ACCORDING to a recent survey, the number of people falling into the higher rate tax bracket has increased significantly over the last few years, despite difficult economic conditions.
The increase is put down to a combination of the rise in income coupled with a real decrease in the threshold at which higher rate tax applies.
Currently, higher rate tax applies where a person’s total gross income exceeds £42,475. In the last Budget, this threshold will reduce to £41,450 from April, 2013, potentially increasing the number of higher rate taxpayers still further.
There are a number of ways individuals can mitigate their tax bills.
For married couples, it would be sensible to review the assets of each spouse to see if transfers can be made from one to the other to ensure personal allowances are not wasted and basic rate tax bands are utilised as far as possible.
Assets transferred between spouses are done so on a no gain/no loss basis which may also reduce a couple’s overall tax bill on their sale as both will then be entitled to a Capital Gains Tax exemption of £10,600 for 2012/13. Unused allowances and rate bands cannot be carried to a subsequent year. Due consideration should always be given to any commercial or other risks in identifying such transactions particularly with business assets qualifying for Entrepreneurs’ Relief which could be jeopardised.
Switching savings into an ISA can build up a tax-free fund; the maximum investment is £10,680 of which £5,340 can be held as cash on deposit.
Paying personal pension contributions as well as making charitable Gift Aid donations can be useful in obtaining higher rate tax relief. Where such donations are already made by a married couple, it would seem sensible for these to be paid by the spouse who is the highest rate taxpayer as they are able to obtain the optimum relief for these payments, without affecting the tax position of the charity.

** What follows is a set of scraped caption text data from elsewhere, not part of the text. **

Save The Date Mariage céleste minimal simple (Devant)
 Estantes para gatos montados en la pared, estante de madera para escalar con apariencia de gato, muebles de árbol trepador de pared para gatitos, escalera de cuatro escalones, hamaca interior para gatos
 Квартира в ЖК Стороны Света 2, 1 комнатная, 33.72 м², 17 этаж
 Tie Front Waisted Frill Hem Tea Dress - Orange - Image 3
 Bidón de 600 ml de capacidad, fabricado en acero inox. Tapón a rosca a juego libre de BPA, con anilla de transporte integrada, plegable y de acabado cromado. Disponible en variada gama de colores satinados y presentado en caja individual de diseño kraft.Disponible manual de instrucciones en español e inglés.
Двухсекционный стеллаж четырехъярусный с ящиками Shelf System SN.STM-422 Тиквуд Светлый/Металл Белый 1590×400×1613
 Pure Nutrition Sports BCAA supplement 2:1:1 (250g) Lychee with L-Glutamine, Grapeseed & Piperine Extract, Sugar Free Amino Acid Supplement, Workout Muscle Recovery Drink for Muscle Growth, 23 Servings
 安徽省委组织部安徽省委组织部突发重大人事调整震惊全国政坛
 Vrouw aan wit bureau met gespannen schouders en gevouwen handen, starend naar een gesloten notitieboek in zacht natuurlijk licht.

If you are employed, your employer might offer a salary sacrifice option to say boost pension savings or to help towards the cost of childcare.
The salary sacrifice can help mitigate tax bills but they will need to be correctly structured to be effective.
As mentioned in my last article, from January 7, 2013, a tax charge will apply to an individual whose income falls between £50,000 and £60,000 where they or their partner are in receipt of Child Benefit. The charge will be 1% of the full Child Benefit award for each £100 of income within this range. For instance, a Child Benefit recipient with two children would get £1,752. If their adjusted net income is £54,000, the income tax charge will be £700.80. The charge on taxpayers with income above £60,000 will be equal to the amount of Child Benefit paid.
Making use of some of the above mentioned ideas can help mitigate higher rate tax bills as well as possibly protecting entitlement to Child Benefit.